With this version, VMware supports Windows Vista and cross-platform paravirtualization.
VMware Inc today released version 6 of its industry-leading virtualization product VMware Workstation. VMware Workstation runs under a wide range of Linux and Windows versions and allows installation of an even wider range of guest operating systems within virtual machines.
Among many possible applications are letting help desk personnel easily keep different Windows versions at hand, testing new software products under a variety of environments, and analyzing malicious software without the risk that it might damage a physical computer. Version 6 adds full support for Windows Vista both as host and guest along with significant feature enhancements from the previous version .
With this version, VMware's support for Windows Vista moves from "experimental" to mainstream. It fully supports all aspects of Vista inside a virtual machine except for the high-end graphics. At this time it doesn't provide the 3D graphics support necessary for Vista's Aero Glass display mode. However, VMware's senior director of virtual software lifecycle automation James Phillips said that this will change, as the necessary support is "in the lab" at present.

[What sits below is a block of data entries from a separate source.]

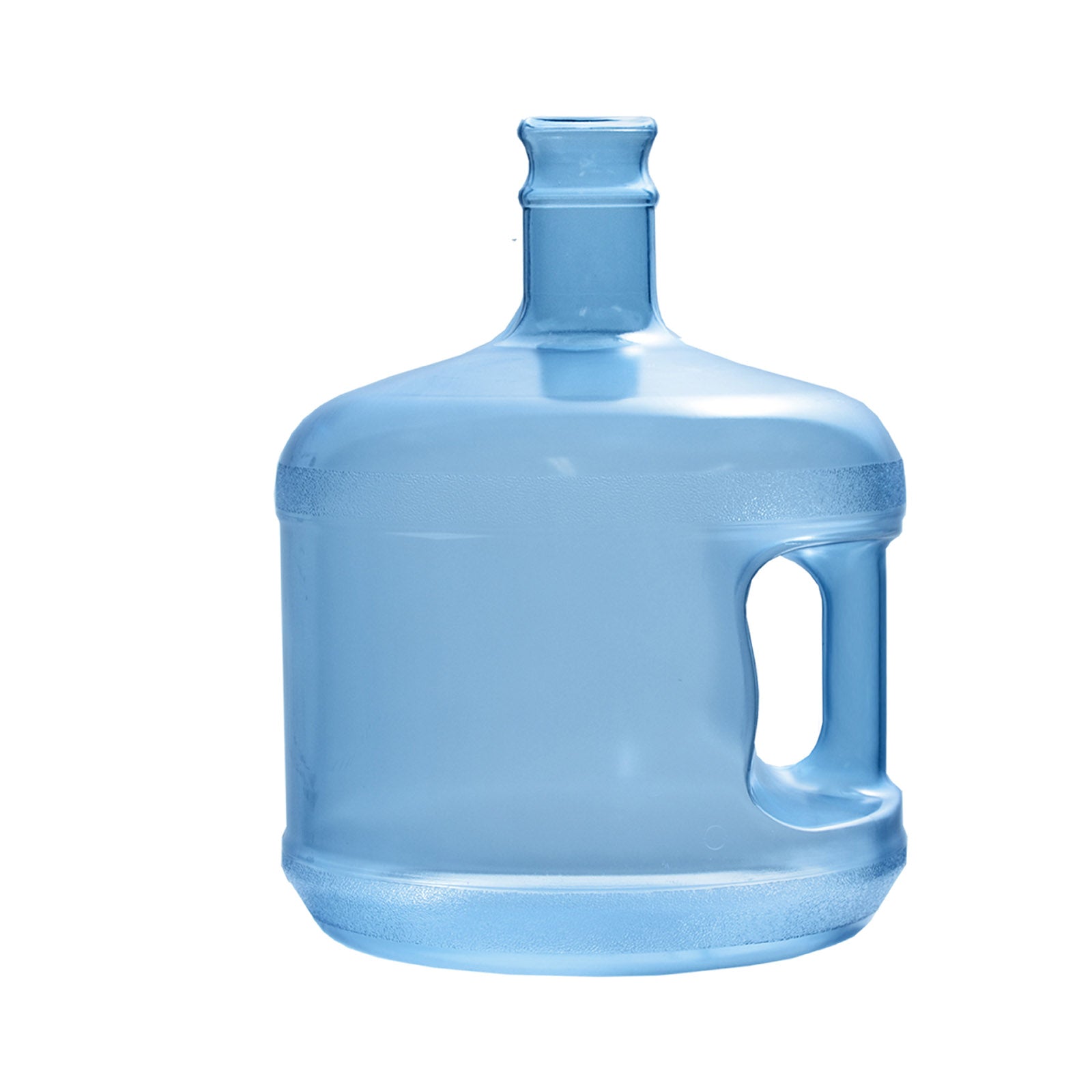 The 3-Gallon Polycarbonate Crown Top Water Bottle is a high temperature resistant, translucent blue jug with a handle and narrow neck—perfect for holding and dispensing drinking water while traveling or camping.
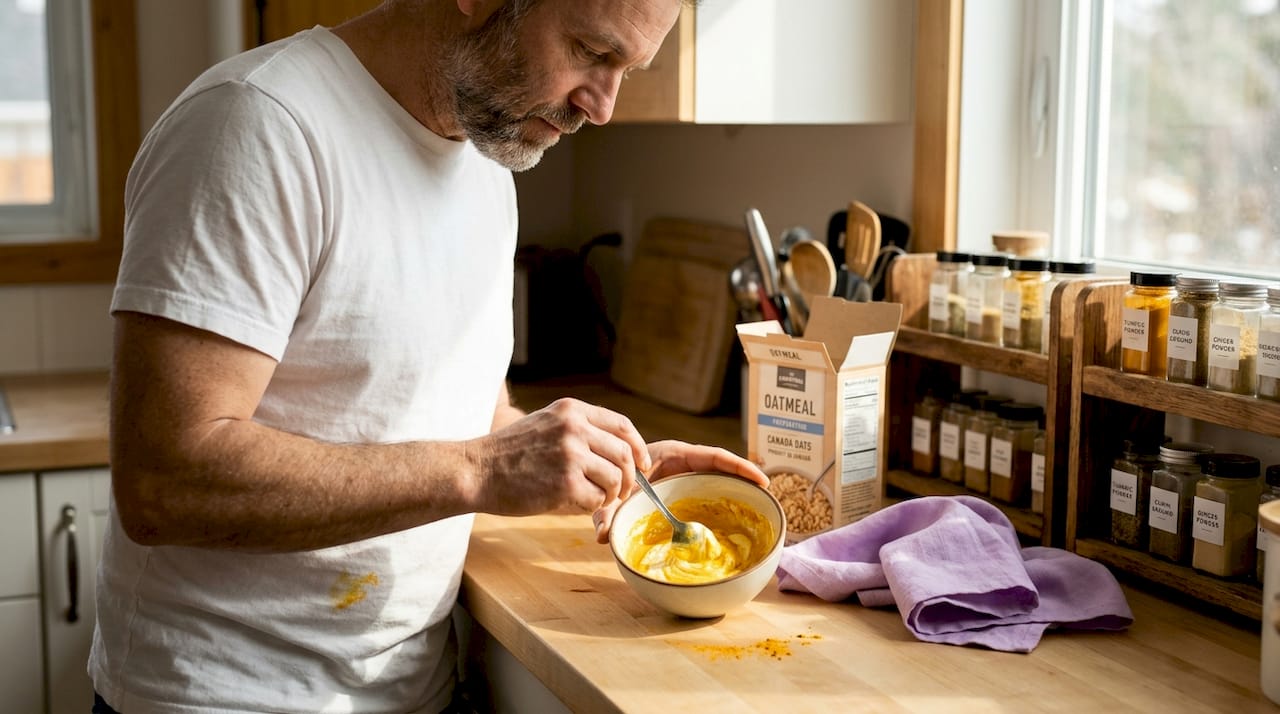 Making turmeric skin mask in kitchen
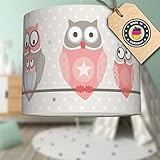 anna wand Hängelampe OWL STARS GIRLS – Lampenschirm für Kinder/Baby Lampe mit Eulen in Apricot-Taupe – Sanftes Kinderzimmer Licht Mädchen & Junge – ø 40 x 34 cm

This version's support for multiple monitors is both powerful and flexible. The user can configure a single virtual machine to span multiple monitors or assign each monitor to a separate virtual machine. Long-time users will be pleased with the new virtual USB 2.0 ports--no more annoying "This device can perform faster" messages. The product currently has the ability to "clone" a virtual machine, producing either an independent duplicate or a space-saving duplicate that stores only what differs from the original. New in version 6 is the ability to clone a physical computer, quickly replicating the system as a virtual machine.
In addition, it adds remote-access capability based on VNC (Virtual Network Computing). The user must actively enable this feature--it's off by default for security--and allows authorized users with proper credentials to operate a virtual machine remotely without installing any additional software within the VM. As Phillips pointed out, VMware is already completely in control of the virtual machine's input and output, so going remote is just a short step.
VMware Workstation 6 makes new strides in integration as well. Software developers using Microsoft's Virtual Studio or the open-source Eclipse development platform now can compile a new build and run it in an automatically-created virtual machine, thereby avoiding the risk that a program flaw could damage the system being used for development. And the programmer has full control via the integrated virtual debugger. The new version also supports paravirtualization using the industry standard Virtual Machine Interface 3.0. The guest operating system can get better performance by taking advantage of VMI. Ubuntu Linux is the first to offer this support; Phillips said that many others have expressed support and will be implementing it.
On the bleeding edge, this new version adds experimental support for full record/replay within a virtual machine. That means it can record every single event that affects the virtual CPU's operation and play back those same events to exactly duplicate, for example, an intermittent software problem. Phillips explained that this feature is entirely independent of which guest operating system is used. VMware Workstation 6 is available as an electronic download directly from VMware for $189.